The camera looks along −Z by default.

Note: The in-game debug overlay can display the coordinate axes at run-time. Enable it through DebugConfiguration::drawCoordinateSystem in lysa::ContextConfiguration.

Transform matrices

All transforms in Lysa are represented as row-major 4×4 matrices (float4x4 from hlslpp).

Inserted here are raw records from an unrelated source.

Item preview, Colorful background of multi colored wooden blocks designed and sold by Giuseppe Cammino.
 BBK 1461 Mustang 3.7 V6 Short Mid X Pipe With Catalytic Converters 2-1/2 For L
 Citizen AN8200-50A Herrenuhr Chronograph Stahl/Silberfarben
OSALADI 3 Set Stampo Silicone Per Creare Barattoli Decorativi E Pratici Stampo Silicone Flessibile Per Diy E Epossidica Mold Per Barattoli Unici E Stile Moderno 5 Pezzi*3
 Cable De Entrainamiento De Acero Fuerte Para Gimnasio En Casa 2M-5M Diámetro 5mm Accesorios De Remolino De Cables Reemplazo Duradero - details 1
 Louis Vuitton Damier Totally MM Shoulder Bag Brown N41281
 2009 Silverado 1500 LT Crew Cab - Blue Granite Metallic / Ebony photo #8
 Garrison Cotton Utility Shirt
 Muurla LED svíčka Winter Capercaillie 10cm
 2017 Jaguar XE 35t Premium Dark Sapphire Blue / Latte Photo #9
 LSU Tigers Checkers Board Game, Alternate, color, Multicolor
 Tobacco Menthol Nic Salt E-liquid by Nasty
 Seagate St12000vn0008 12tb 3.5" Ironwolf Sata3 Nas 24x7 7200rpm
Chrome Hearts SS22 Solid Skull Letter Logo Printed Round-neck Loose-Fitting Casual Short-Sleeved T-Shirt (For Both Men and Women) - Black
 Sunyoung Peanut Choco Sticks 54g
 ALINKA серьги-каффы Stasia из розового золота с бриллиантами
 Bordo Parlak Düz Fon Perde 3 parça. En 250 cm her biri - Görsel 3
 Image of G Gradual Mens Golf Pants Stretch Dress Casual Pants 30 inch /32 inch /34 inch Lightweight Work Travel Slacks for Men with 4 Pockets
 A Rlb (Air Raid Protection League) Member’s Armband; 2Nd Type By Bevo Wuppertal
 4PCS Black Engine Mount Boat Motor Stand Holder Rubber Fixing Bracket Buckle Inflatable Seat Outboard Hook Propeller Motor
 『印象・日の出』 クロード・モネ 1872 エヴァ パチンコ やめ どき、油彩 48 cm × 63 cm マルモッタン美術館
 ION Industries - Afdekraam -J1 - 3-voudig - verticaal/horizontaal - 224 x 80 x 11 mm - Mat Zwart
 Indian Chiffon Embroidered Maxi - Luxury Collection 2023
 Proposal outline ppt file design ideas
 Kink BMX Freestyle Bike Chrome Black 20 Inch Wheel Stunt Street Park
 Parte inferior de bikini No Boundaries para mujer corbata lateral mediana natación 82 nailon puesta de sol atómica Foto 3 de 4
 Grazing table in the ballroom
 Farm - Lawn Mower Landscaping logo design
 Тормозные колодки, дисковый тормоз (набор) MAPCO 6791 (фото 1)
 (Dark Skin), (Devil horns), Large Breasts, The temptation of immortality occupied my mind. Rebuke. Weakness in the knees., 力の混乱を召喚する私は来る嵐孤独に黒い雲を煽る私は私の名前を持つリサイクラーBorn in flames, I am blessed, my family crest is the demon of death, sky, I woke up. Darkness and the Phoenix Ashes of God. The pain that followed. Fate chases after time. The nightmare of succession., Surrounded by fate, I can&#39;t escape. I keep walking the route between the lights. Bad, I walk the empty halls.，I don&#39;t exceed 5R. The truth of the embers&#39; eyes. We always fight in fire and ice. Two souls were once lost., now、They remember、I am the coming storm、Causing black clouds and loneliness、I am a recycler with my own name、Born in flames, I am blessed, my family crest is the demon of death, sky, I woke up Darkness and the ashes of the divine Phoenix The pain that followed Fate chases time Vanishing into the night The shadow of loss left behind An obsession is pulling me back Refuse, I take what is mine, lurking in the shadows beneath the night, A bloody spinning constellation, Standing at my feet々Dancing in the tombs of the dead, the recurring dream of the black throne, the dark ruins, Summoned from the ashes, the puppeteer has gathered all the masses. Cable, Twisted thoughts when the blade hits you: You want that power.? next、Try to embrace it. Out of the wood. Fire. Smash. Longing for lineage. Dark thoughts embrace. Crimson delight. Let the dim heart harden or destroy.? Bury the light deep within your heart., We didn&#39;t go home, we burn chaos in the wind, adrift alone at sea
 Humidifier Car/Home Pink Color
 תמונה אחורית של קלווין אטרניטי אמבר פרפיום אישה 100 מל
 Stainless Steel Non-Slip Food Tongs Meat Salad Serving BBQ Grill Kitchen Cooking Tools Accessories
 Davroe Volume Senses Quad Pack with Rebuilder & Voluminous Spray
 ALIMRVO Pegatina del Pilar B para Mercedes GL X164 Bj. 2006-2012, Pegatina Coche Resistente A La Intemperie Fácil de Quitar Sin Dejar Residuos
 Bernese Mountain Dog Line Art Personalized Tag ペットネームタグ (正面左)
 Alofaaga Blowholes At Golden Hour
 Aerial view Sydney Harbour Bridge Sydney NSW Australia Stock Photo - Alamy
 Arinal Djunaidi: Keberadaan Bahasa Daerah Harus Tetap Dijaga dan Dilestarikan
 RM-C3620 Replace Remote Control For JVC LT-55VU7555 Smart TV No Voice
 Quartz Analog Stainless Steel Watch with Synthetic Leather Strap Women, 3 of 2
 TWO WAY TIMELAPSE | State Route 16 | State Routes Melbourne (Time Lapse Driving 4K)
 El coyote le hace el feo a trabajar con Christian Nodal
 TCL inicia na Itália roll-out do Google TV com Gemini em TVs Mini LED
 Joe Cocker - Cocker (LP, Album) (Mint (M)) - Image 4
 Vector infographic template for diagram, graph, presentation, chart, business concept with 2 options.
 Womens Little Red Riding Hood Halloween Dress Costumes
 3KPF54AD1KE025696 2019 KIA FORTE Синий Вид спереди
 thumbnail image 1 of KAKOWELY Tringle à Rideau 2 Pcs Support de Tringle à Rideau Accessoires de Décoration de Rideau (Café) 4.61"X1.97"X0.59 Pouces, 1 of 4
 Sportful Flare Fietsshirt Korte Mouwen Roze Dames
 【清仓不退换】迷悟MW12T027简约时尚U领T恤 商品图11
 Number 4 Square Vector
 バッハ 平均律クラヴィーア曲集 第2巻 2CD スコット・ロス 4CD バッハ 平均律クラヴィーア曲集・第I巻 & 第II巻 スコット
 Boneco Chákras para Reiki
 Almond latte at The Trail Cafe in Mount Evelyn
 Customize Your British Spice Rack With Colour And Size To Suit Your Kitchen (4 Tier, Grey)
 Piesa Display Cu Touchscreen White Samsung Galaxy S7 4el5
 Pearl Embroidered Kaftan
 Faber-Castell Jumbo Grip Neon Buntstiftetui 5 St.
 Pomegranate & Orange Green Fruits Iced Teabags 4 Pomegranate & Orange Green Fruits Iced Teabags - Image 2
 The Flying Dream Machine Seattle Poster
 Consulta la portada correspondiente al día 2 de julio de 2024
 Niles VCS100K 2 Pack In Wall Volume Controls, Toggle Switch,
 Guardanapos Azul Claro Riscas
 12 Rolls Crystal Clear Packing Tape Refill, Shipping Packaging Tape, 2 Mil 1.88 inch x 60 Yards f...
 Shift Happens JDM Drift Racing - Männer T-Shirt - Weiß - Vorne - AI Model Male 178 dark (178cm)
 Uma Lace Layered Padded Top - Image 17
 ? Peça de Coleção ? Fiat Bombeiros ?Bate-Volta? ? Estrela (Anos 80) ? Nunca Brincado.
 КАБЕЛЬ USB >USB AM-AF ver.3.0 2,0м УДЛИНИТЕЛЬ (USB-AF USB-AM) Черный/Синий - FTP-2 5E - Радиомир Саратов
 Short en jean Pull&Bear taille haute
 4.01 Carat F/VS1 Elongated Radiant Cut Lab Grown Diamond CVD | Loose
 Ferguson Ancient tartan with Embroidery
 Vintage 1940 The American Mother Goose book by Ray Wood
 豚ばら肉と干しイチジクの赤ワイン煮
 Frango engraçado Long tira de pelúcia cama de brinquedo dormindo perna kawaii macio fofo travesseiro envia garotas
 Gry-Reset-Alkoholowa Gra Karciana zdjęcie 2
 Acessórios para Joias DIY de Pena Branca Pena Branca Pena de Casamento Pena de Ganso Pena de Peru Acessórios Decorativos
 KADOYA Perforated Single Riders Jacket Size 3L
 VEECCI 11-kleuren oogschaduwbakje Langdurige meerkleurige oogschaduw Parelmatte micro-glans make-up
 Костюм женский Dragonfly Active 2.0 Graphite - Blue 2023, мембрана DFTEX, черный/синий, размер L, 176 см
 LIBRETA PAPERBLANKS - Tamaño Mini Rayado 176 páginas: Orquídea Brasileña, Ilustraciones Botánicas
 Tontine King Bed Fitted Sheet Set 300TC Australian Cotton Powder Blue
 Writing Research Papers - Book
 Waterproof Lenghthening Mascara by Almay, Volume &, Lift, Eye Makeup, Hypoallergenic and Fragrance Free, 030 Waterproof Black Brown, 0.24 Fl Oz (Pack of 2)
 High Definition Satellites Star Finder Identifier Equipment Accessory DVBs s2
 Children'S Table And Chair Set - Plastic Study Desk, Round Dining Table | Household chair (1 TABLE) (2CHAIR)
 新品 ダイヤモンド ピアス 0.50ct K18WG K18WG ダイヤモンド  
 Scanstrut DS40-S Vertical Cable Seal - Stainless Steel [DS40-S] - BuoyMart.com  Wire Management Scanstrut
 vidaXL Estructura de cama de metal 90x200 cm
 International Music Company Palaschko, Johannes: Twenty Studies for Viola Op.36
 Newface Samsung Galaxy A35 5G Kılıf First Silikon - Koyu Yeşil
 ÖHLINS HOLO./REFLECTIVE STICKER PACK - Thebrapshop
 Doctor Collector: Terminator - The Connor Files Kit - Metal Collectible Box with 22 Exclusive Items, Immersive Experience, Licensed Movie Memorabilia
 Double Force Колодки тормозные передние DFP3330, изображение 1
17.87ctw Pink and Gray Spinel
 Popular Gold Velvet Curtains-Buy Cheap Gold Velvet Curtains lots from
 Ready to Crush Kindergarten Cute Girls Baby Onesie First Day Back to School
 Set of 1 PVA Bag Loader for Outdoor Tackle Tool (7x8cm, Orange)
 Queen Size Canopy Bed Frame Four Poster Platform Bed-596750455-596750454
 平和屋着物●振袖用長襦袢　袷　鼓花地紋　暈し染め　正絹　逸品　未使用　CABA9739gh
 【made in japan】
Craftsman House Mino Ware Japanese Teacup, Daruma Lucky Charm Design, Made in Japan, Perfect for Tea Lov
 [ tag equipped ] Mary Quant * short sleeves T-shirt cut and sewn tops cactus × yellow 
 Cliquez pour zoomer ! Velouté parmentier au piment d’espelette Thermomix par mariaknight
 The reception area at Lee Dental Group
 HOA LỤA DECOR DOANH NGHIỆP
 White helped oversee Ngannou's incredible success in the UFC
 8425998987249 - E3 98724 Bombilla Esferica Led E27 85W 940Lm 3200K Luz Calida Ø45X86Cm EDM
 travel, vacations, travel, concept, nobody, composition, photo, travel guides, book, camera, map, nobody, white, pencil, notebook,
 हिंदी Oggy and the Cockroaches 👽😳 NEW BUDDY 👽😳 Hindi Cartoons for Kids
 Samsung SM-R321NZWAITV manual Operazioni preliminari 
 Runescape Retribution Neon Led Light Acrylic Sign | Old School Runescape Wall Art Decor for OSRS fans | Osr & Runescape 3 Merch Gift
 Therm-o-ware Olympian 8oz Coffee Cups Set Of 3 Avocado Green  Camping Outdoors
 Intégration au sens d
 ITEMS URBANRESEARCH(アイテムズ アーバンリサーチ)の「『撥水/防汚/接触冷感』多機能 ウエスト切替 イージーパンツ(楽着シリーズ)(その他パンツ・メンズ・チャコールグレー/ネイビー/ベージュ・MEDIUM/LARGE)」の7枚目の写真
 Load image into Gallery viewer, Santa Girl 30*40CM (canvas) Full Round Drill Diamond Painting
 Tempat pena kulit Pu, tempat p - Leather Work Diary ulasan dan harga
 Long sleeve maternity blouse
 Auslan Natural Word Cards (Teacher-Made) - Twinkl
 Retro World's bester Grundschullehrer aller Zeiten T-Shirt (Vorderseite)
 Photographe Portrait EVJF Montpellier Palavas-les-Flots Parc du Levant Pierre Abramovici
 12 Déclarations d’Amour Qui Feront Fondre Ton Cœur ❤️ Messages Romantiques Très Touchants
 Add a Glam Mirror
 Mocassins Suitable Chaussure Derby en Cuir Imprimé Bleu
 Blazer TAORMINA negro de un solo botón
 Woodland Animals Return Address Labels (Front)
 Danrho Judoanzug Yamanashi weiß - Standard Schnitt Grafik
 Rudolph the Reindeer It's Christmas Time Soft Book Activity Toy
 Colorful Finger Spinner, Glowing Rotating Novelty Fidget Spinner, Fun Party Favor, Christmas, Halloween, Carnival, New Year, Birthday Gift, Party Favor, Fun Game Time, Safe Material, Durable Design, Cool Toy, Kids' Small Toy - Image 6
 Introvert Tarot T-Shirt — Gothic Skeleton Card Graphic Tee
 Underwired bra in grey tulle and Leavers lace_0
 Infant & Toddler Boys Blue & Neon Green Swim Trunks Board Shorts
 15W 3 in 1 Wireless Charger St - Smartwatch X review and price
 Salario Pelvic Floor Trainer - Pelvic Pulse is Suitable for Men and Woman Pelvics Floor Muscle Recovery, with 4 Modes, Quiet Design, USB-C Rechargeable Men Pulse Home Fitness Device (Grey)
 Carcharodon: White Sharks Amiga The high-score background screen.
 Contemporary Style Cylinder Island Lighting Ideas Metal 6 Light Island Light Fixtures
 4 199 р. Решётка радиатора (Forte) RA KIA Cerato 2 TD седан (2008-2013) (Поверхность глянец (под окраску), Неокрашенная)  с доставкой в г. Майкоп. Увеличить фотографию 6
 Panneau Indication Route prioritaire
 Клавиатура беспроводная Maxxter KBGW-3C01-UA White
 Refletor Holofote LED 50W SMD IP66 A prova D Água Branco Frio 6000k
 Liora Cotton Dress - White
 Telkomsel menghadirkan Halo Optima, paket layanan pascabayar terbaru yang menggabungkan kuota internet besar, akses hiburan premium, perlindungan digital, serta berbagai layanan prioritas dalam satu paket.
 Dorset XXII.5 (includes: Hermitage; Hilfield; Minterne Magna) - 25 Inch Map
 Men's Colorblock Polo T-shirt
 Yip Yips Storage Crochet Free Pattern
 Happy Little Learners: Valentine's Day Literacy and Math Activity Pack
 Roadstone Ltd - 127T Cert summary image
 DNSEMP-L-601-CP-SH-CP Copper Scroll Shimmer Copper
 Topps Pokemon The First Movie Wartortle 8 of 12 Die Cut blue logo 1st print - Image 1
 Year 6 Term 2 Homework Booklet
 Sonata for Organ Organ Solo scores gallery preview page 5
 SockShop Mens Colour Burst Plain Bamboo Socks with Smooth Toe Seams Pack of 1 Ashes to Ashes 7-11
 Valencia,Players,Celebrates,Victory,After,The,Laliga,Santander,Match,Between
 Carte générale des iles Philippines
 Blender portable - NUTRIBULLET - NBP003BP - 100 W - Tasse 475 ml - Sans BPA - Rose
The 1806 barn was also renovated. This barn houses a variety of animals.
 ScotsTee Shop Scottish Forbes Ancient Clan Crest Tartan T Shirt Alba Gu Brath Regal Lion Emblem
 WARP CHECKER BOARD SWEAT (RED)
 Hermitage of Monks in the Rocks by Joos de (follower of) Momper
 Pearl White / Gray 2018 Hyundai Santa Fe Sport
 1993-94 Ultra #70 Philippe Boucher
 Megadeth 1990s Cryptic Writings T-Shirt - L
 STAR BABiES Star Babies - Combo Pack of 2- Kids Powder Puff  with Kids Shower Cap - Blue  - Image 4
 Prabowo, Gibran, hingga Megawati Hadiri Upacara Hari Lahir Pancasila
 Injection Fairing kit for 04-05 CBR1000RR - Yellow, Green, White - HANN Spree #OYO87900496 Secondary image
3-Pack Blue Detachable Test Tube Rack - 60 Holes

Points and vectors are multiplied on the right:

float4 worldPos = mul(modelMatrix, float4(localPos, 1.0));

The standard transform pipeline is:

Clip = Projection × View × Model × LocalPosition

In shader code this is expressed as two sequential mul calls:

float4 positionW = mul(model,            float4(input.position.xyz, 1.0));
float4 viewPos   = mul(scene.view,       positionW);
float4 clipPos   = mul(scene.projection, viewPos);

The TRANSFORM_BASIS constant holds the identity float3x3 and can be used to extract local axes from any model matrix:

// Convert a local direction to world space using the model matrix

float3 worldDir = mul(float3x3(modelMatrix), localDir);

Common transform constructors

hlslpp provides static factory methods on float4x4:

// Translation
auto t = lysa::float4x4::translation(x, y, z);
 
// Uniform scale
auto s = lysa::float4x4::scale(2.0f);
 
// Rotations (angle in radians, right-handed)
auto rx = lysa::float4x4::rotation_x(lysa::radians(45.0f));
auto ry = lysa::float4x4::rotation_y(lysa::radians(90.0f));
auto rz = lysa::float4x4::rotation_z(lysa::radians(30.0f));
 
// Combine transforms: T × R (translate then rotate)
auto tr = lysa::mul(t, rx);
 
// Identity
auto id = lysa::float4x4::identity();

Rotations follow the right-hand rule: a positive angle around an axis corresponds to a counter-clockwise rotation when viewed from the positive end of that axis toward the origin.

View matrix

The view matrix is the inverse of the camera's world-space transform. In Lysa, lysa::Camera::transform stores the camera-to-world matrix and the GPU uniform receives the inverse:

sceneData.view = inverse(camera.transform);

sceneData.viewInverse = camera.transform;

To position a camera at world position (−8, 1.8, 0) looking along +X (rotated −90° around Y):

camera.transform = lysa::mul(
    lysa::float4x4::rotation_y(lysa::radians(-90.0f)),
    lysa::float4x4::translation(-8.0f, 1.8f, 0.0f)
);

A look-at helper is also available when targeting a specific world point:

// Right-handed look-at (eye, target, world-up)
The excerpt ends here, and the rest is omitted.